Não sei quantas vezes, em apenas seis episódios, Carrie engrupiu Jenna de todas as formas possíveis a ponto de eu não saber exatamente se eu fico com pena ou com raiva da agente mais incompetente da CIA. Bastou dar uma missão para a sujeita que é garantia que ela não será cumprida.

Por outro lado, Two Minutes, episódio que marca a metade da temporada final de Homeland, cumpre sua missão de fazer a transição entre a complexa armação de tabuleiro que culminou com a morte do presidente Warner e a captura de Max que, por sua vez, carrega a caixa preta do helicóptero e o que está por vir. É muito interessante ver a amplificação da conexão de Carrie com Yevgeny Gromov, até porque eu tinha receio que a jogo de sombras em cima da lealdade da agente bipolar, tema principal da temporada que retorna à base da Trilogia Brody, fosse abafado. Muito ao contrário, o episódio recrudesce esse aspecto, mais uma vez colocando Carrie na mira de Mike e Jenna e, pior ainda, do próprio Saul Berenson, que se sente traído.

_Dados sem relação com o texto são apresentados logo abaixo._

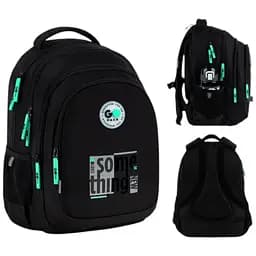 Рюкзак GoPack Teens 162M-4 Черный (GO26-162M-4)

A tensa sequência que batiza o episódio é simples, mas muito bem construída, ao mesmo tempo mantendo-nos no escuro sobre as intenções de Yevgeny e sobre a possível manipulação de Carrie por ele, culminando na mais do que esperada segunda fuga dela que, obviamente, não tinha a menor chance de entrar no avião (vai ser muito divertido quando Jenna descobrir que mais uma vez foi ludibriada…). Gosto muito também da forma como Costa RoninClaire Danes conseguem formar uma dupla hesitante que esbanja química e conexão em tela, ele com aquele jeito cínico, mas estranhamente sincero que marca Yevgeny e ela com a fúria cheia de hesitação que marca Carrie.

Do outro lado do oceano, o facilmente manipulável presidente Benjamin Hayes – algo que já havia ficado bem claro na relação dele com David Wellington logo depois da morte de Warner – tem um momento daqueles que realmente deu vontade enfiar a cabeça em algum buraco de tanta vergonha alheia quando ele cai no papinho do espertíssimo presidente afegão Abdul Qadir G’ulom (pouco falei de Mohammad Bakri, mas ele está sensacionalmente vilanesco aqui – poderia ser fácil um baita inimigo de James Bond!) para desespero completo de seu chefe de gabinete e de Saul Berenson. Tudo está armado para que a tão almejada paz termine de ruir com uma provável maior presença militar americana no Afeganistão, tudo que G’ulom sempre quis.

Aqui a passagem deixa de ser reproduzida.